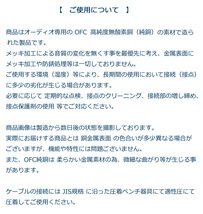 送料無料！非メッキ アース端子 OFC 高純度無酸素銅 Y端子 ポスト径～5mm 日本製 1.25Y-5 4個set_画像5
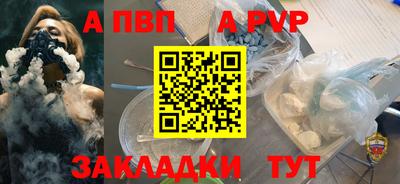 марки lsd Малоярославец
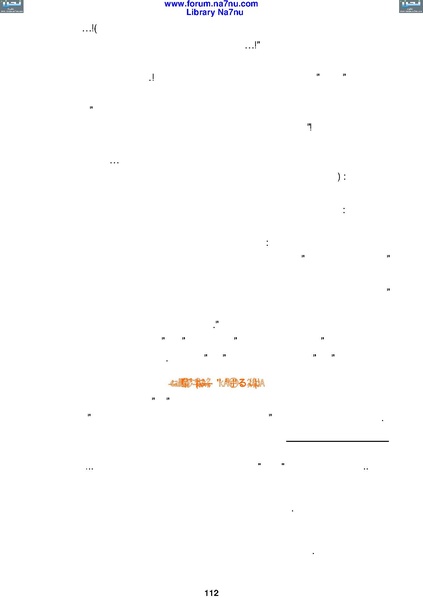 ملف:Tarikh Al saud.pdf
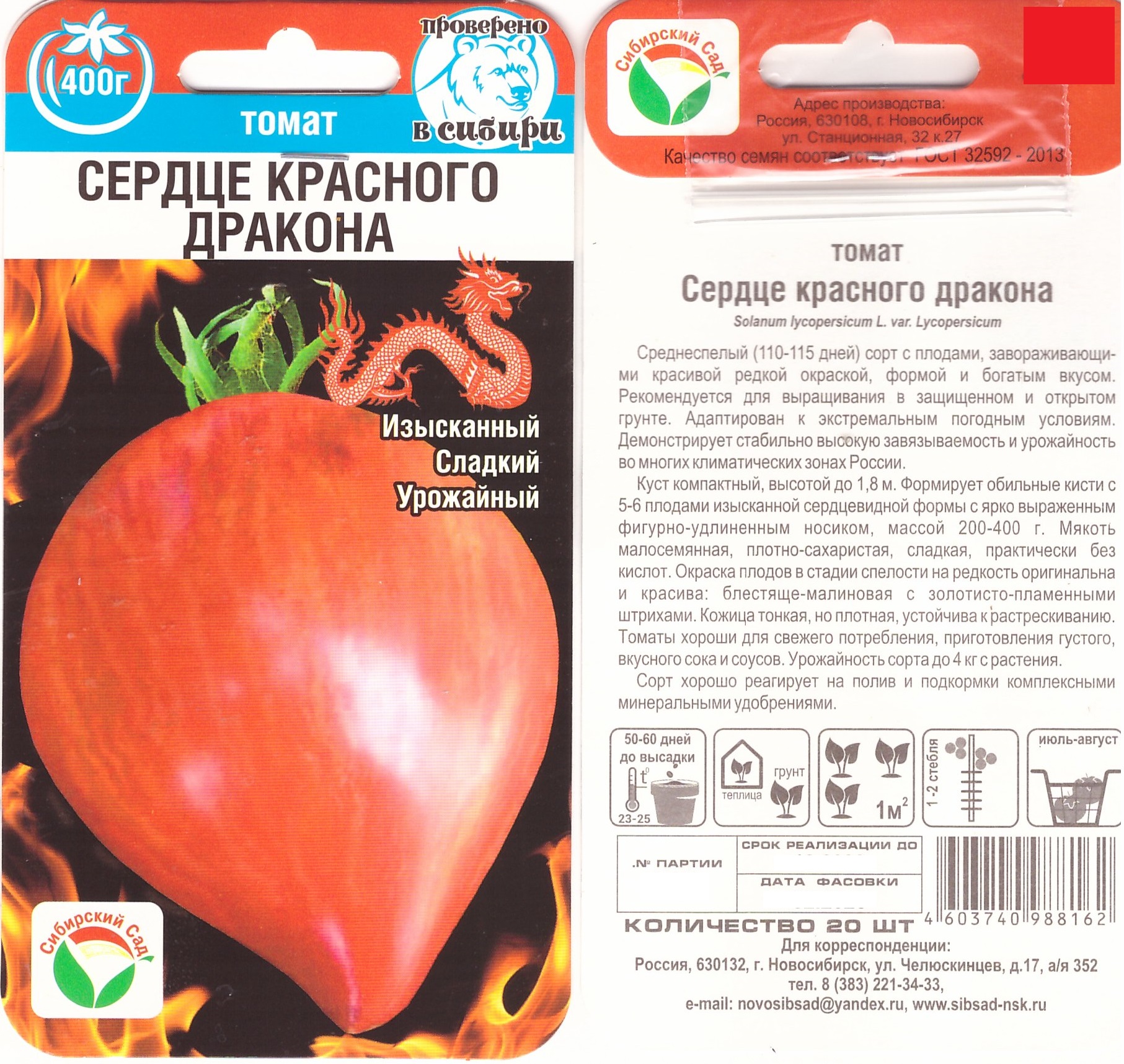 Томат Сердце красного дракона 20шт (з/г,до 400г)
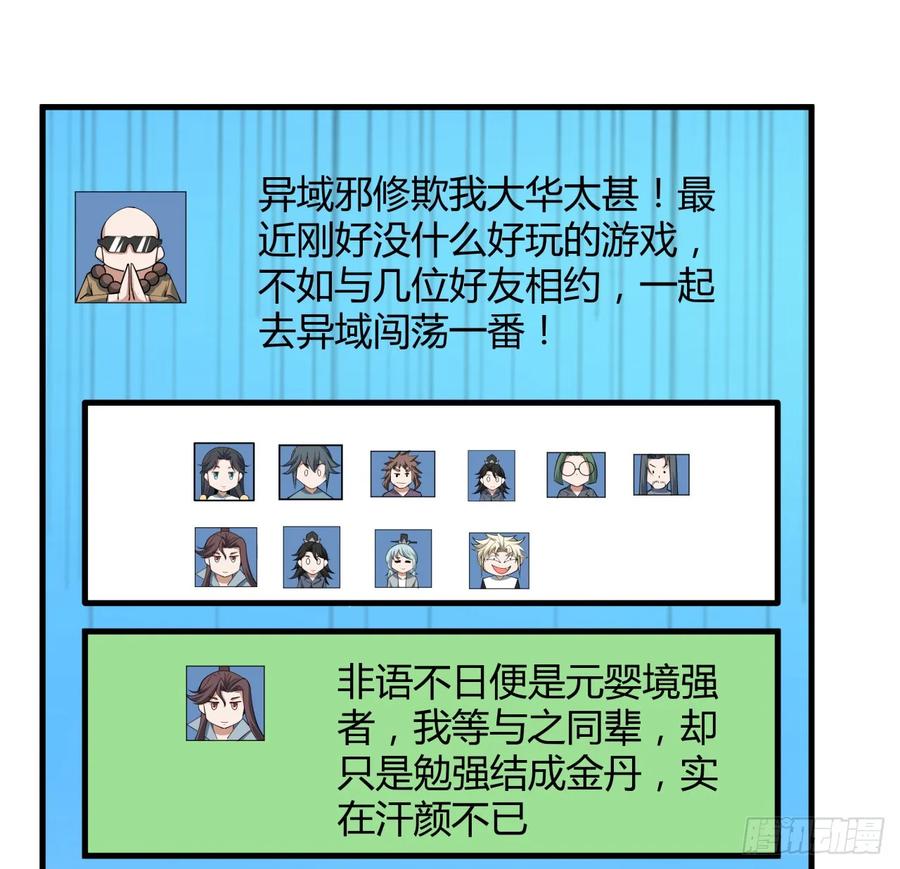 《地球第一剑》174话 FLAG大师 第17页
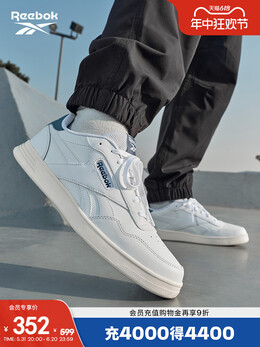 Кроссовки Reebok Court Advance, белый / синий 757186062013 | 100074282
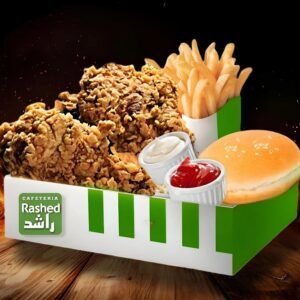 Rashed Ali Cafeteria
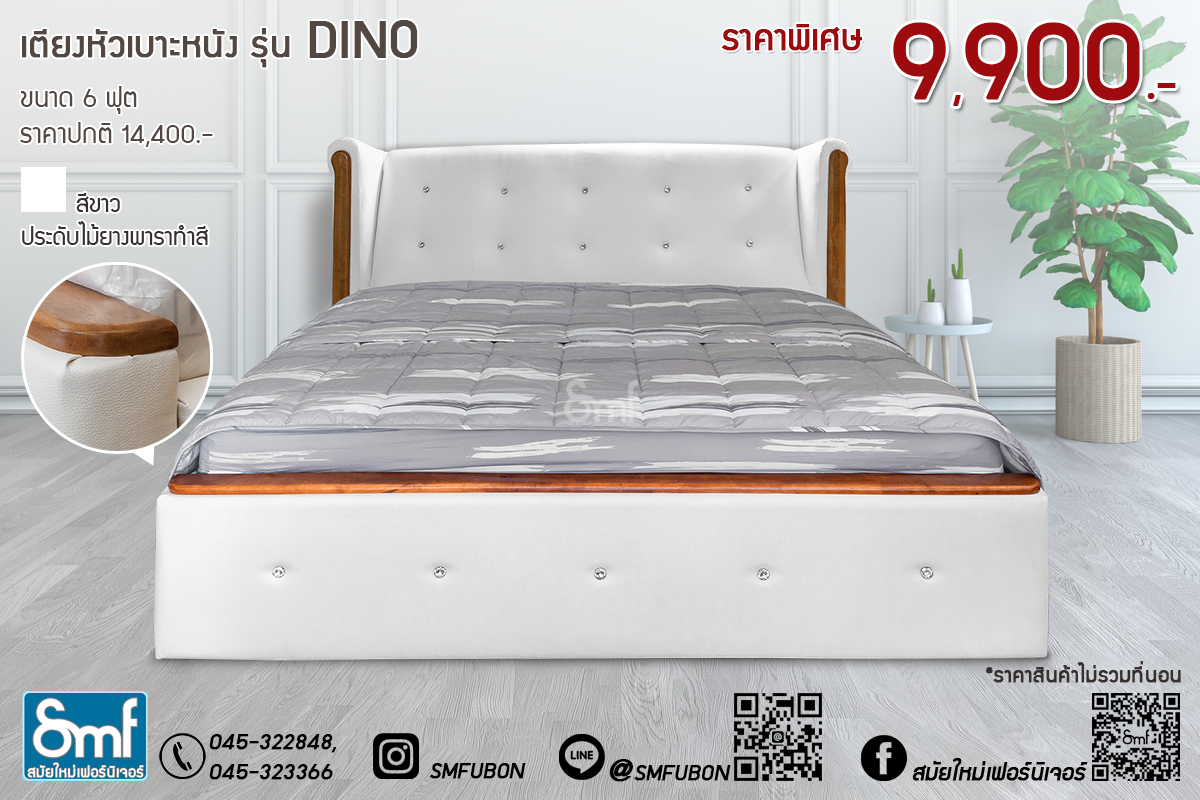 เตียงหัวเบาะหุ้มหนัง รุ่น Dino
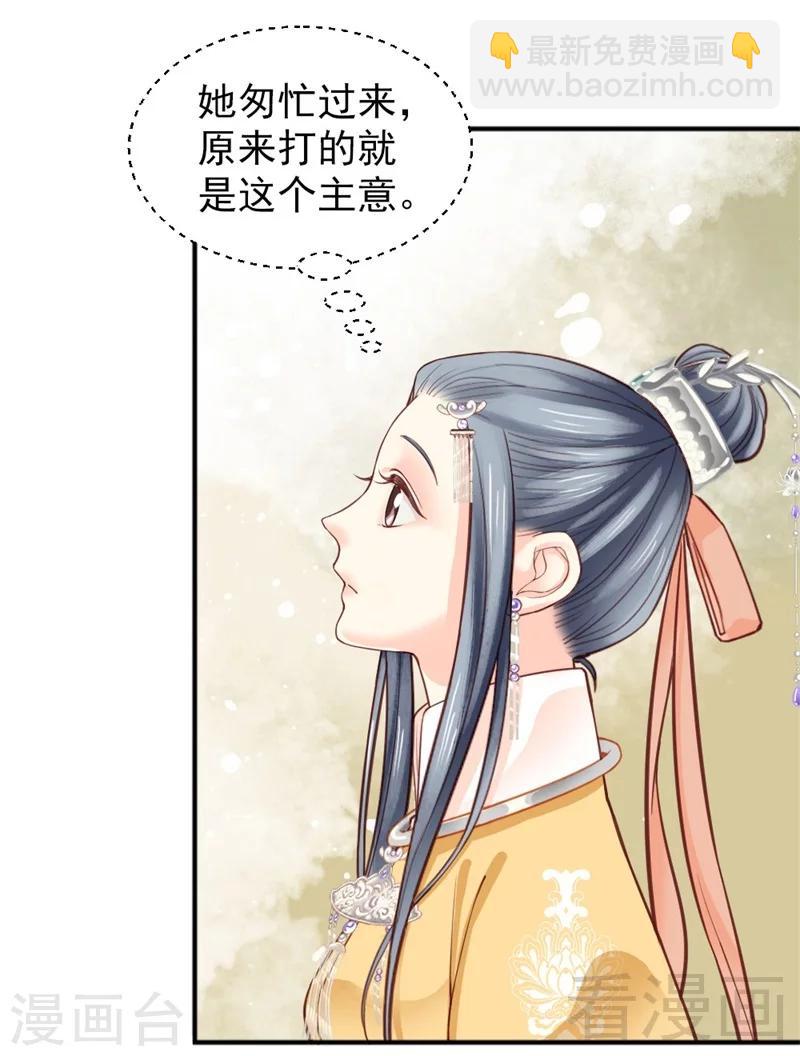 《娇女毒妃》第154话 第6页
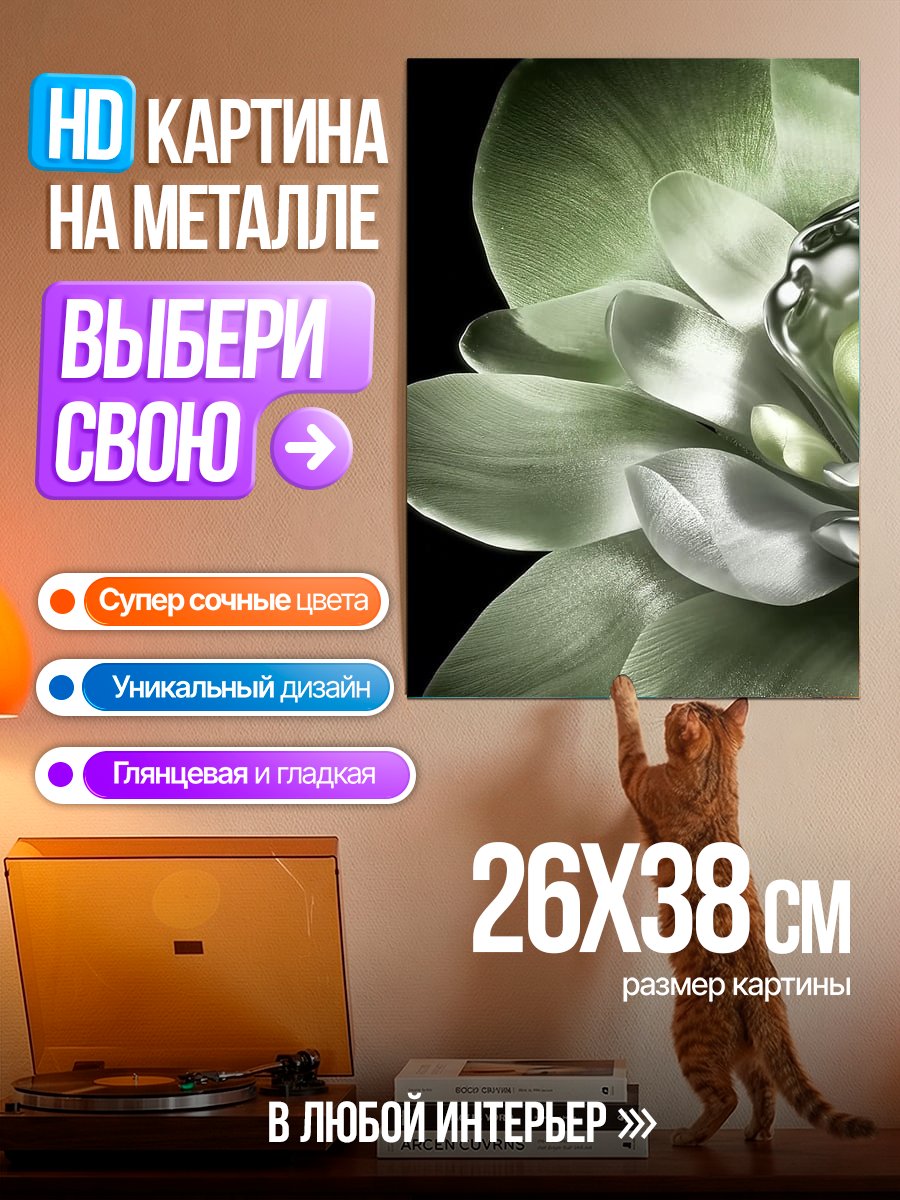 Картина на металле Цветок крупным планом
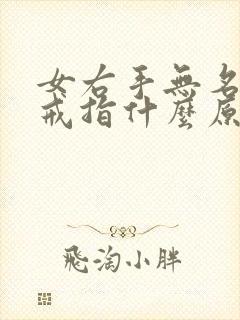 女右手无名指戴戒指什么原因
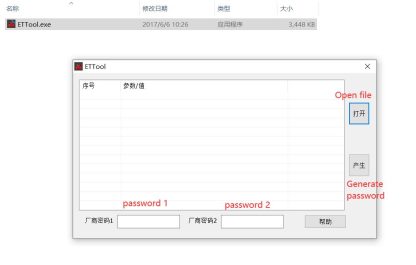 Caterpillar 10 Digits Factory Password Calculator 2 in 1 (2)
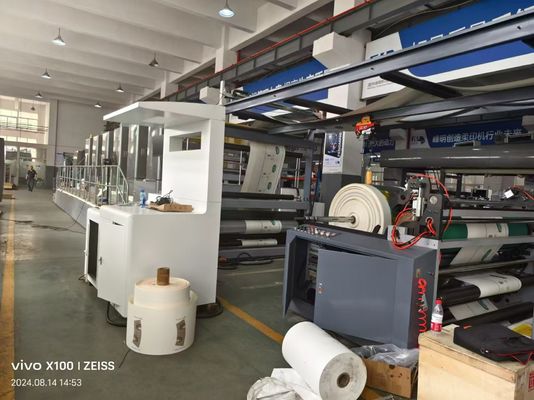 الحد الأقصى للطبع المتكرر طول 2500 مم بدون لوحة طباعة نوع آلة طباعة Flexo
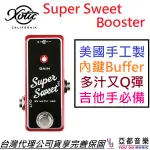 XOTIC SUPER SWEET BOOSTER 電 吉他 效果器 公司貨 BOOST SCB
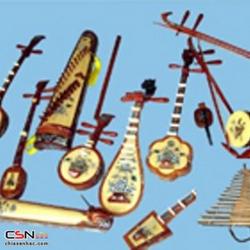 Cung Thương Hoà Điệu - Hoà Tấu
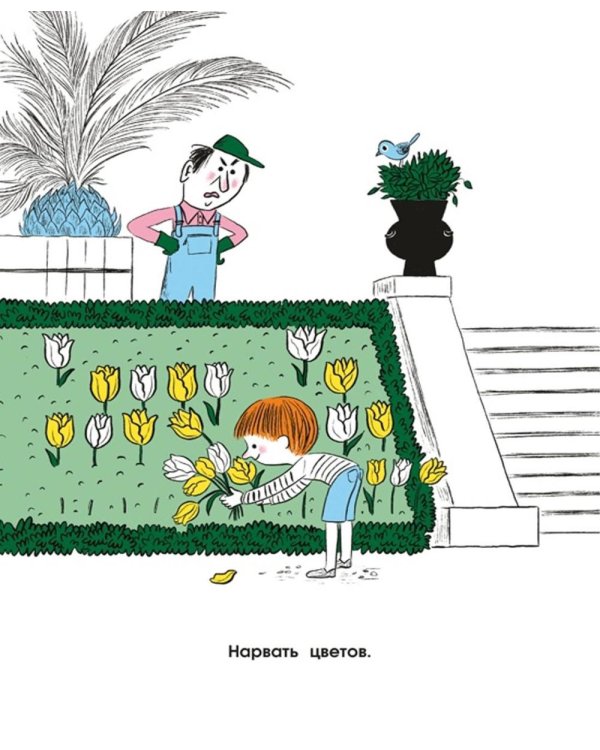 100 суперважных дел, которые нужно успеть сделать до 10 лет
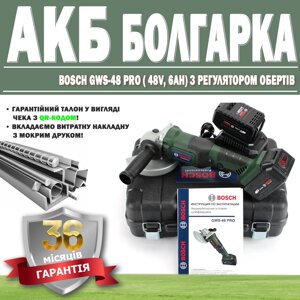 Акумуляторна болгарка Bosch GWS-48 PRO ( 48V, 6Ah) із регулятором оборотів ГАРАНТІЯ 36 МІСЯЦІВ! | УШМ Бош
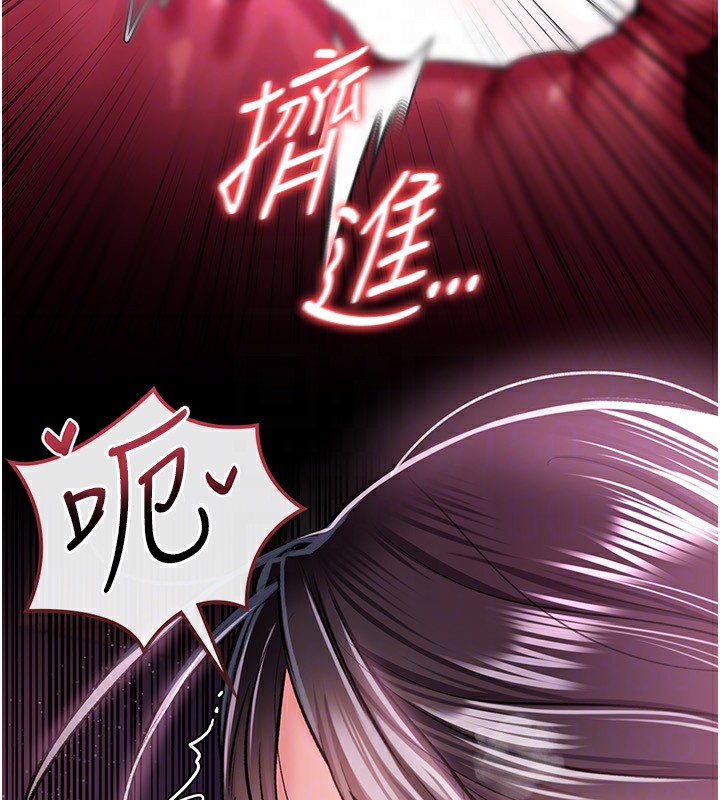 [韩国漫画] 借妻条约 剧情,熟女人妻#[196P]-47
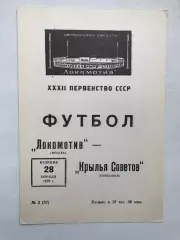 Локомотив Москва - Крылья Советов 28.04.1970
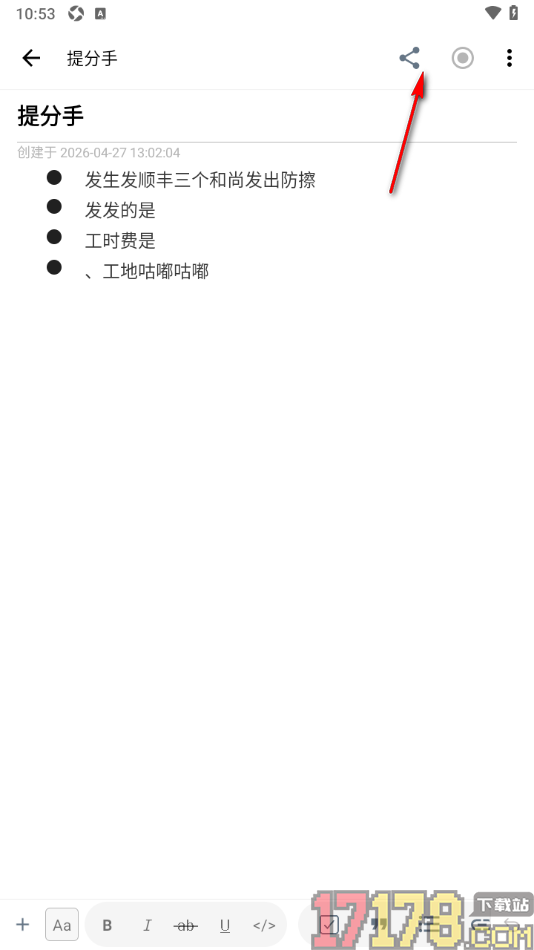 超级计划手机版设置复制共享笔记链接的方法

▶ **Task goal**:
Would you give again, exactly, the lines in the data above that run from the line containing "Caterpillar 10 Digits" to the line containing "100 суперважных дел, которые"? Include both ends and no pictures.

▶ **Written answer**:
 Caterpillar 10 Digits Factory Password Calculator 2 in 1 (2)
 الحد الأقصى للطبع المتكرر طول 2500 مم بدون لوحة طباعة نوع آلة طباعة Flexo
 XOTIC SUPER SWEET BOOSTER 電 吉他 效果器 公司貨 BOOST SCB
 Cung Thương Hoà Điệu - Hoà Tấu
 100 суперважных дел, которые нужно успеть сделать до 10 лет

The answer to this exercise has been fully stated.